Shallow Grave, Shallow Grave: Get Digging

The level to which New Zealander four-piece Shallow Grave carry listeners with them along their undulating downer path isn’t necessarily commensurate to the volume at which their self-titled debut is played, but more never hurt. On the six-track/55-minute outing, released by Astral Projection (Lamp of the Universe, Arc of Ascent), the Auckland outfit oppress almost universally, beginning with a cold atmospheric introduction to “Devil’s Harvest” and never quite losing that sensibility at any time throughout their assault. They are, impressively so for a first record, markedly individual within their sphere, with a sound that takes elements of sludge, post-metal (some “tribal” drumming here, some Neurosis guitar wail there), but despite coming across with considerable tonal largesse on the album itself still manage to maintain a raw sensibility as well – crust almost, but slower and more complex, with a subtle swirl that offsets the barking vocals.

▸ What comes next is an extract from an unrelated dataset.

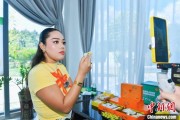 梦解大全泰国主播品三亚榴莲：“尝到了家乡味”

Comprised of Tim Leth, James Barker, Brent Bidlake and Mike Rothwell, they’re an outfit who keep their origins obscure but who’ve been playing out since at least 2010, and have obviously used that time well in developing this material, which is drawn together by ambient drones and samples that pull the listener along from one track into the next, as “Devil’s Harvest” moves into “Chemical Fog” once it has run its fervently abrasive course with low hum and high-pitched whistle, amp noise maybe run through an echo chamber. Shallow Grave are hardly the first band to use this method to unite their pieces into a single whole, but it works for them throughout here, and on the one occasion when they don’t – the later “From Boundless Heights,” which feedbacks its way into “To Unfathomable Depths” – the effect is even more complementary. At their heart, though, they pummel. “Chemical Fog,” which moves at a faster clip than the opener, gives no ground in terms of its tonal heft, and it’s a ferocious headphone listen, all the more consuming without distraction for the intricacies that show themselves in the two guitars at work and the layers of screams that show up as the song moves past its halfway point. The ensuing samples are well mixed and well met by the band’s crashes, but it’s the final mostly-instrumental (some ambient screams) push that most satisfies, the track arriving at a massive peak before being consumed to a rising wall of painful low-end static noise.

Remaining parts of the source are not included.